Emmett Till's legacy 04:53

“In doing this work for 10 years and now seeing this outpouring from people who want to see Emmett Till’s memory sustained, that is incredible,” he said about the donations.

The historical site has gotten a lot of online attention after Kevin Wilson Jr. posted a picture of the damage on Facebook.

CBS affiliate WJTV talked with Wilson.

“That marker was just evidence that there are people who are still living in those areas who still hold those ideologies dear to their heart,” he said. “Ideology that we’re trying to get away from.”

The sign commemorating Till’s slaying has been a repeated target of vandals, and was recently found to be damaged with bullet holes.

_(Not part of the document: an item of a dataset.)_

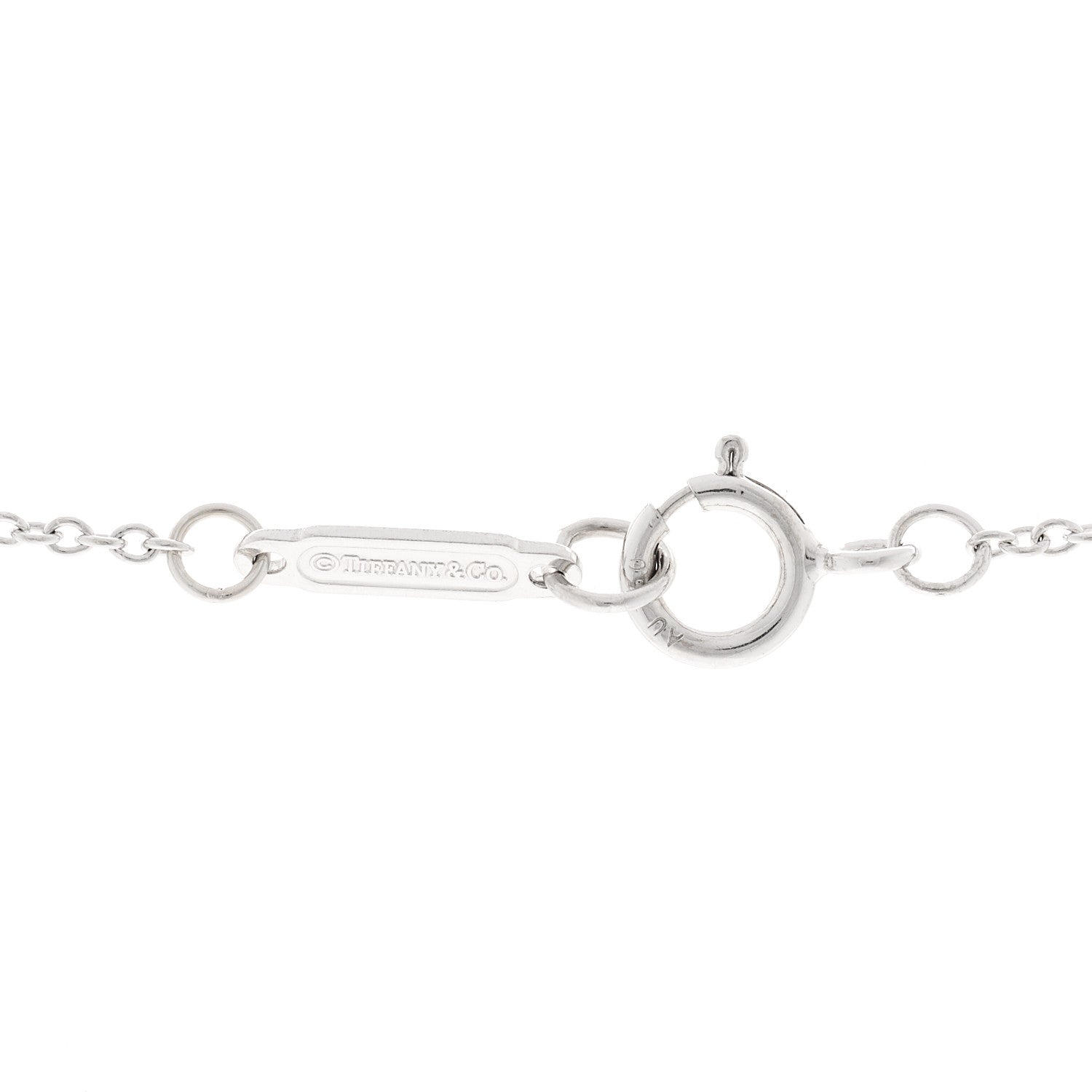 Tiffany 18K White Gold Diamond Metro Cross Pendant Necklace 5 of 6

It was put up by the Emmett Till Memorial Commission in 2008 near the Tallahatchie River, the site where Till’s body was found 61 years ago.

The 14-year-old Chicago teen was visiting relatives in the Mississippi Delta in August 1955 when witnesses said he whistled at a white woman working behind the counter of a store in the tiny town of Money.

On Aug. 28, he was kidnapped from his uncle’s nearby home. Three days later his body was recovered from the Tallahatchie River, gruesomely disfigured. Barbed wire was wrapped around his neck and he was weighted down with a cotton gin fan.

Till’s mother insisted on an open-casket funeral, and Jet magazine published photos of his corpse. It generated outrage that gave momentum to the civil rights movement.

In 1955, an all-white jury acquitted two white men of murder in Till’s slaying.

Months later, the two told Look magazine they had in fact killed Till.